Delanoy defends the Times’s controversial decision in one word – recognition. “We can get up a lot quicker this way. It’s consistent with our overall corporate vision. You may not like us but you will have to respect us. Other papers know.”

New Yorkers questioned frozen food brand “Hungry Man” when it tagged up the Bowery and warehouse district in 2004
Community activists are in an uproar, echoing protests heard during recent “underground marketing” campaigns by Sony and others.
The new territorial attitude of “the big T” hits particularly close to home in Harlem. Residents there awoke yesterday morning and found the famous “Crack is Wack” mural in Crack is Wack Playground had been crossed over by the New York Times style magazine T.

One woman who lives in an apartment building near the park expressed her dismay, “What kind of message does this send to the children? They don’t need to know about what some white people downtown think is important or stylish, they need to know crack is wack.”
The mural, painted in 1986 by artist Keith Haring, is considered a coup for the Times’ marketing team because it is so highly recognizable and with its prime real estate right off the FDR will reach thousands of “eyeballs” a day.

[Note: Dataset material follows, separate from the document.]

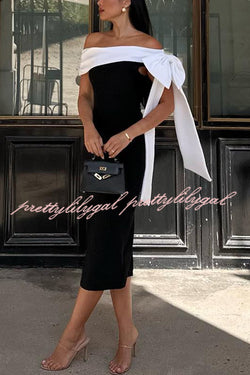 Elegant Evening Look One Shoulder Bandage Bow Stretch Midi Dress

Said one anonymous insider at the Times advertising agency, “the only thing better might be to do a whole train – end to end burners! Like one car might say ‘All you see is…’ and then ‘Times Style in the city’ “

The writer’s bench, 149th St and Grand Concourse
Back in the 80s, Haring (who passed away in 1990) and his good friend Jean-Michel Basquiat may have been considered outsiders by the city’s graf writing scene because of their preference for museums, legal graffiti art and alternative lifestyles. Nevertheless an emergency meeting of many of the city’s graffiti vets convened last night at the famous writer’s bench in the 149th Street Grand Concourse subway station. The topic at hand: how to avenge one of their own and protect their turf from the NY Times.

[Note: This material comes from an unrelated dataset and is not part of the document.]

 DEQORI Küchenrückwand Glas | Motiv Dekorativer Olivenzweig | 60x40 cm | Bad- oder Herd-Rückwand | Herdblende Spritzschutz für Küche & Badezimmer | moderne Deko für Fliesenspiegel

One formerly-retired writer explained, “It don’t matter man, if you’ve got like a multimedia design company or you’re the dickwad cleaning the trains. I see a lot of cell phones and ipods here tonight (chuckles). But those aren’t the guys still getting their name out. So it’s a trade-off… A lot of our lives went in very different directions you know. But whether we’re in khakis or sweats we’re still [sort of] all the same tonight. We all have to deal with this Style Magazine bullshit. No way some fag mag is gonna go all-city while I’m scraping gum off of seats ya know? This is for Keith. I mean it’s awful what they did. Just awful. And right in the middle of Crack Week for christ’s sake!”
Somone should kill these guys. Why aren’t we in their neghborhood with crews?
— R.H.S. Aug 4, 05:09 PM
i’m ashamed to say it took me a good few paragraphs to realize this was a parody.
— jb Aug 4, 05:12 PM
I’m also ashamed to say it took me even longer to realize it was a parody than it probably took other people. Even when I got to “Crack is Wack” I was only half skeptical.
Although corporate guerrila advertising would be sweet.
— Epitome Aug 5, 12:15 AM
dammn NY Times is gettin gangsta on us. It still looks surreal and reeks of gimmickry, the graf that is
— RD Aug 5, 11:41 PM
shits NOT a parody.. im prayin the crack is wack was not peaced on BUT not even a block away from where Im workin on Bowery theres been that first truck parked outside the 6 train station… they had a stupid camera crew takin pics n shit when the dude was bombin at 5pm….. bitchasses
— chibahawk Aug 7, 05:05 PM
You’re both right… it’s a parody rooted in the news (and a little bit a parody of the news). It’s sort of a news-omedy.
— Rafi Aug 7, 05:23 PM
tell me they didn’t actually bomb over a mural though…
— Game Over Aug 7, 06:07 PM
As far as I know, only the truck part is true…
The rest (like 90% of our site) is 1 part making fun of stupid marketing decisions and 1 part ode to Style Wars.
— Rafi Aug 7, 06:11 PM
You had me going for a minute with that shit. I thought they were going to bomb the Big Pun mural next.
— DJ Flash Aug 9, 03:40 PM
I can make commodities in the commercial world of anything in hip-hop. Oh wait! Already happened. Sike ya mind.